Harvested Wood Products as a Carbon Sink in China, 1900–2016

The use of harvested wood products (HWPs) influences the carbon flux. China is both the major producer and trader of HWP, so estimating the carbon stock change of China’s HWP is important to help curb climate change. Accurate reporting and accounting of carbon flows in the HWP pool is needed to meet greenhouse gas monitoring and climate change mitigation objectives under the United Nations Framework Convention on Climate Change (UNFCCC) and the Paris Agreement.
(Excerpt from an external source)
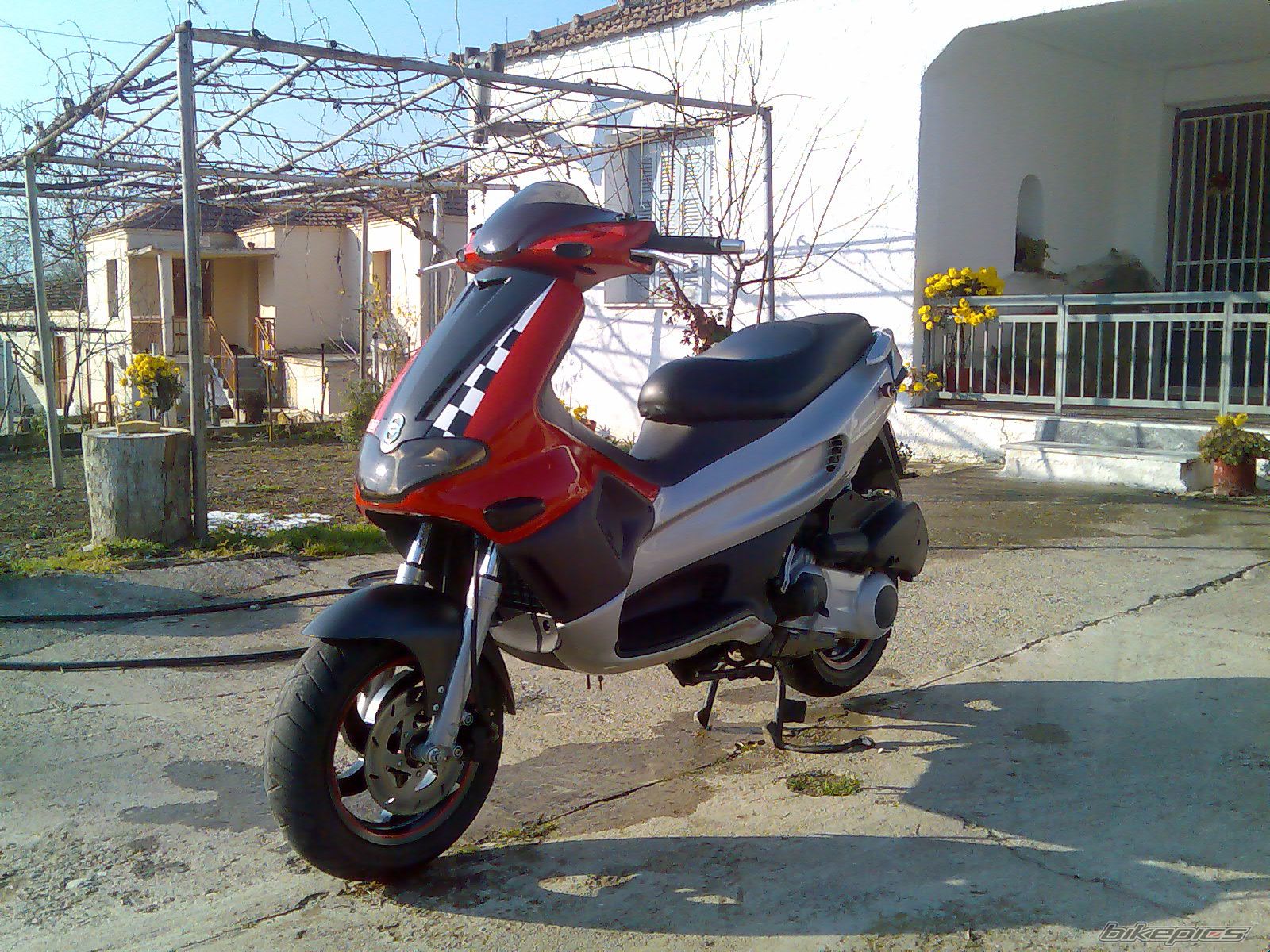 2005 GILERA RUNNER 125 VX | Picture 1044063 motorcycle photo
This study applied production approach (PA) to estimate the carbon stock change of China’s HWP from 1900 to 2016. During the estimating period, the carbon stock of HWP in use and deposed at solid waste disposal sites (SWDS) were 649.2 Teragrams Carbon (TgC) (346.8 TgC in wood-based panels, 216.7 TgC in sawnwood and 85.7 TgC in paper & paperboard) and 72.6 TgC, respectively. The carbon amount of annual domestic harvest HWP varied between 87.6 and 118.7 TgC. However, the imported carbon inflow increased significantly after the 1990s and reached 47.6 TgC in 2016, accounting for 46% of the domestic harvest of that year. China has great mitigation potential from HWP and use of this resource should be considered in future strategies to address climate change.